### Task details
Beginning with the line of the entries below that holds "Что вас ждёт в этой студии?" and ending with the line that holds "809 Rock St #809 — Photo 12", transcribe each line exactly as written. Pictures stay out.

::: Records for the task :::

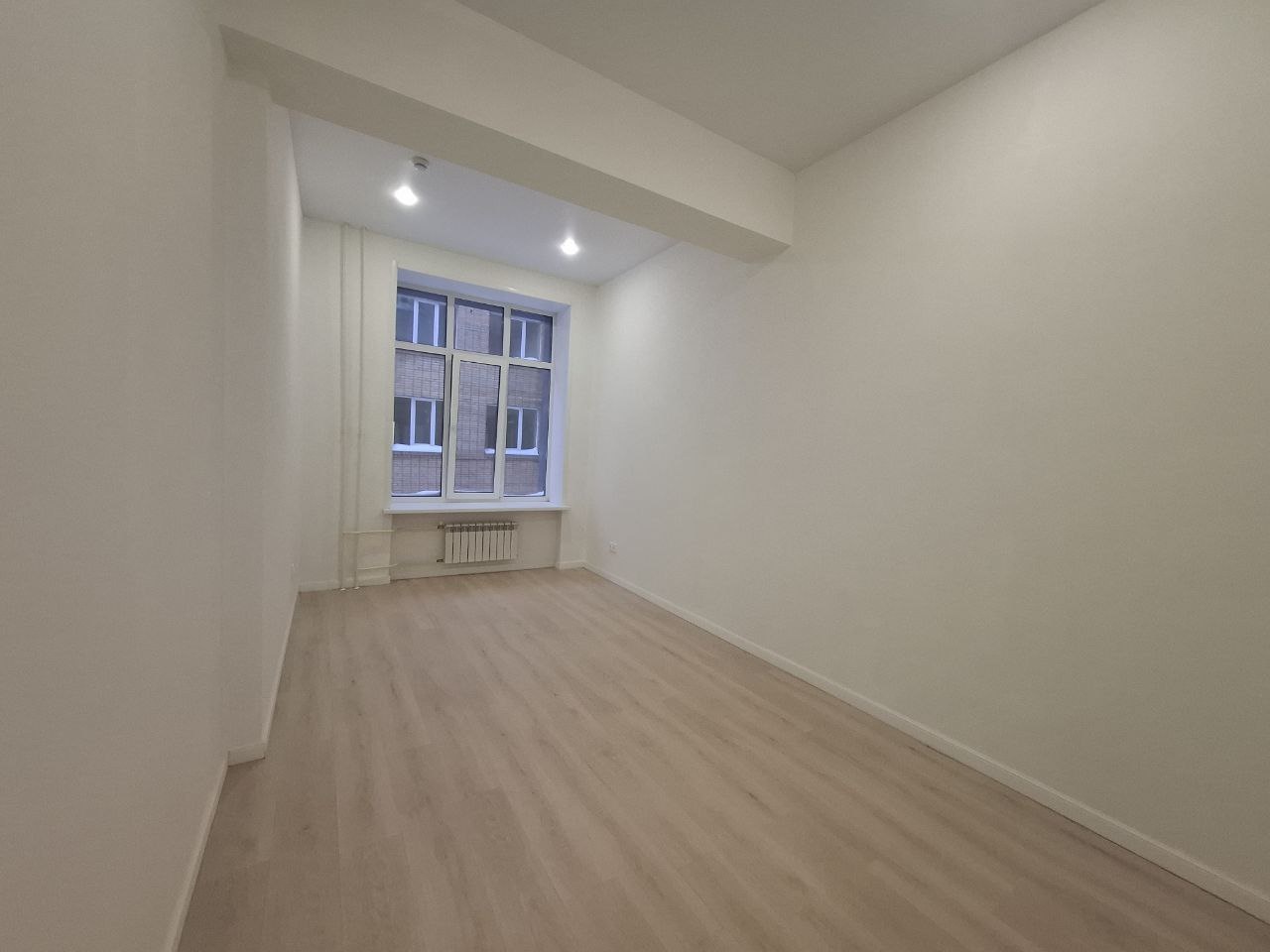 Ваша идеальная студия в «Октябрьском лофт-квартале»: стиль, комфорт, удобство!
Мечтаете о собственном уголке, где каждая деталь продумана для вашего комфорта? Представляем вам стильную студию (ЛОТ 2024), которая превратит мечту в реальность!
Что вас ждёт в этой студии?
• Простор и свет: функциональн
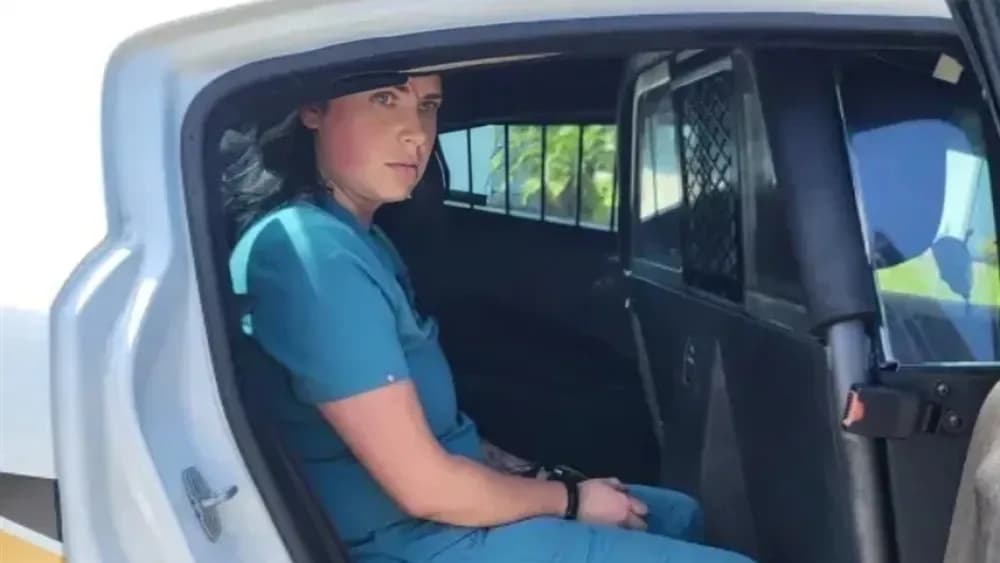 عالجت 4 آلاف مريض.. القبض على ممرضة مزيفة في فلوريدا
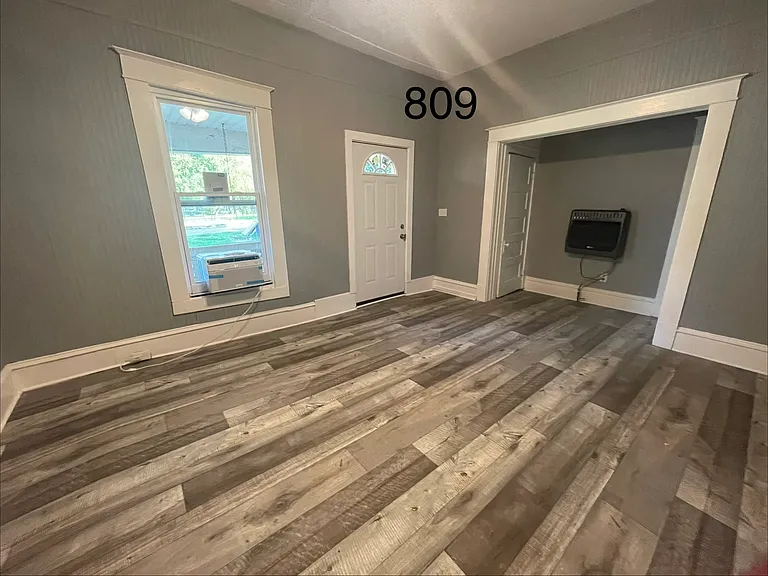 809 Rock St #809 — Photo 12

:::
::: Records for the task :::

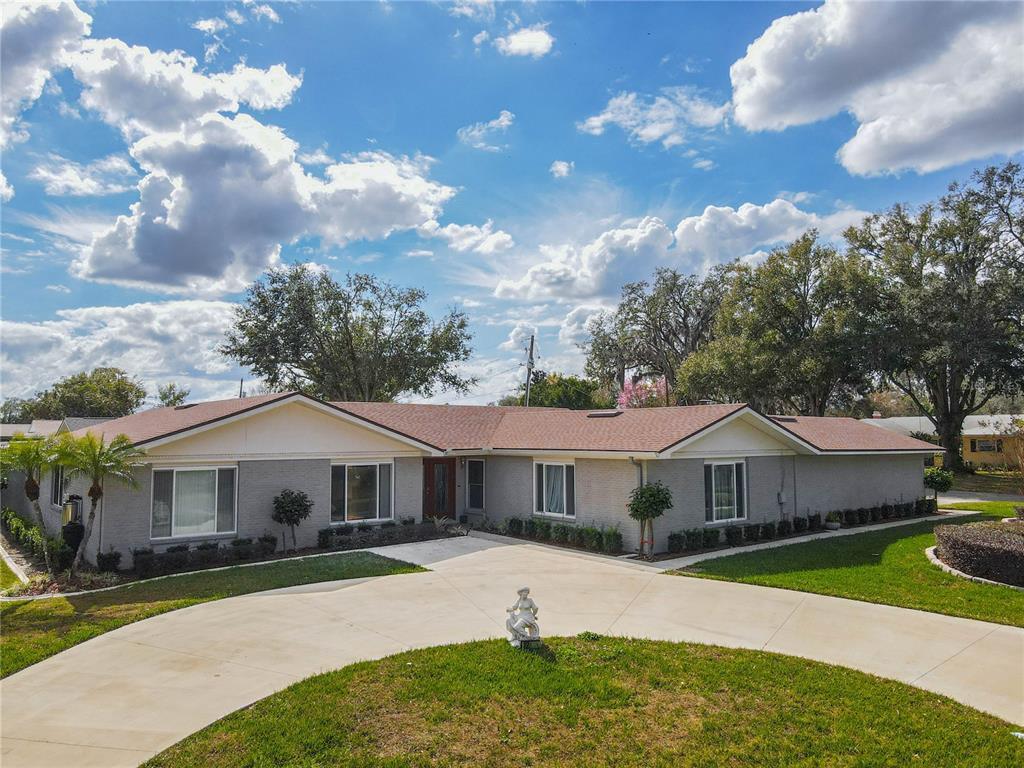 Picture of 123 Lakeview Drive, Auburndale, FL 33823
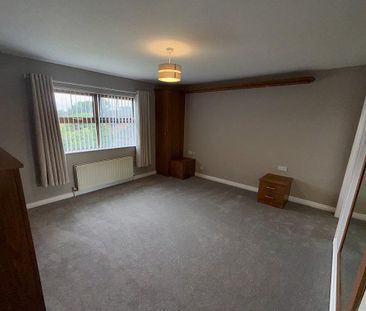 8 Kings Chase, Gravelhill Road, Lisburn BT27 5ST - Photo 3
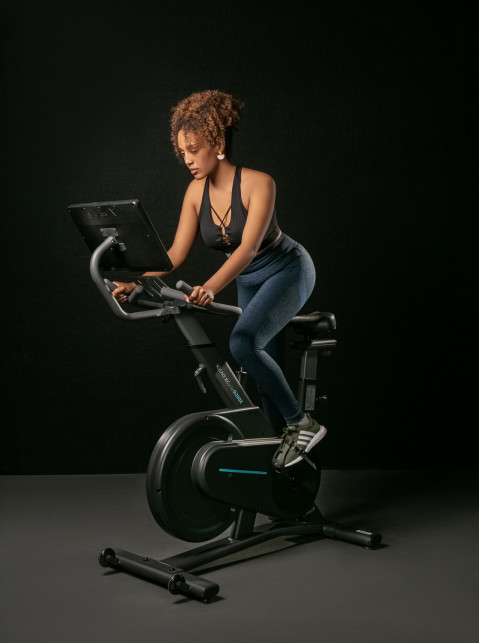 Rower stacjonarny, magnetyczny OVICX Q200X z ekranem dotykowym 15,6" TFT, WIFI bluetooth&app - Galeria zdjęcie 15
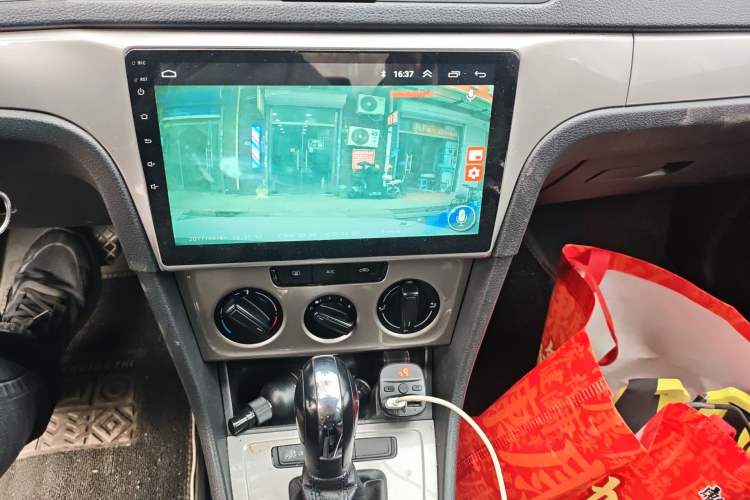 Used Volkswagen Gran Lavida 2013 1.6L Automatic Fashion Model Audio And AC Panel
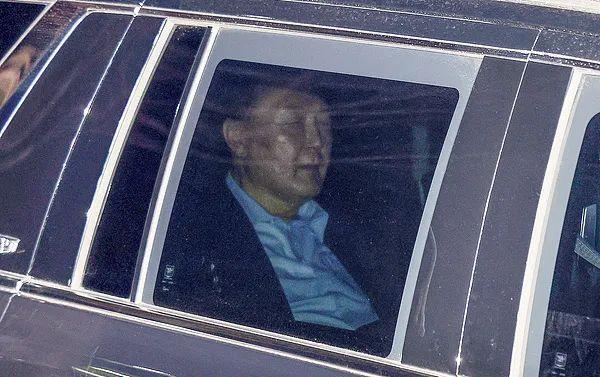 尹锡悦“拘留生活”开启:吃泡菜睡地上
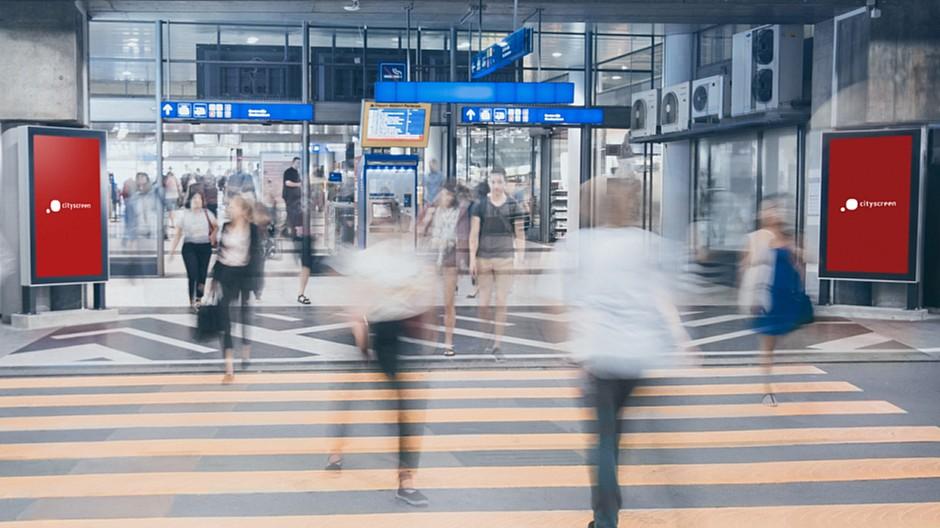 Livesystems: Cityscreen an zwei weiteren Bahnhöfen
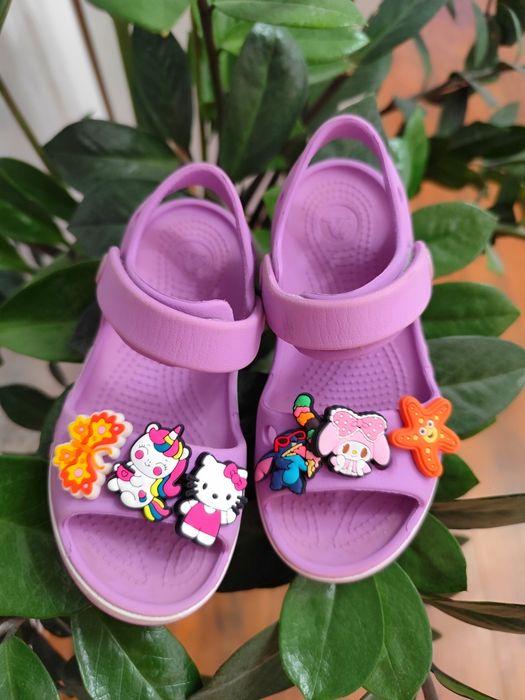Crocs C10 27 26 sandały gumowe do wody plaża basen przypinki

:::

### Expected answer
Что вас ждёт в этой студии?
• Простор и свет: функциональн
 عالجت 4 آلاف مريض.. القبض على ممرضة مزيفة في فلوريدا
 809 Rock St #809 — Photo 12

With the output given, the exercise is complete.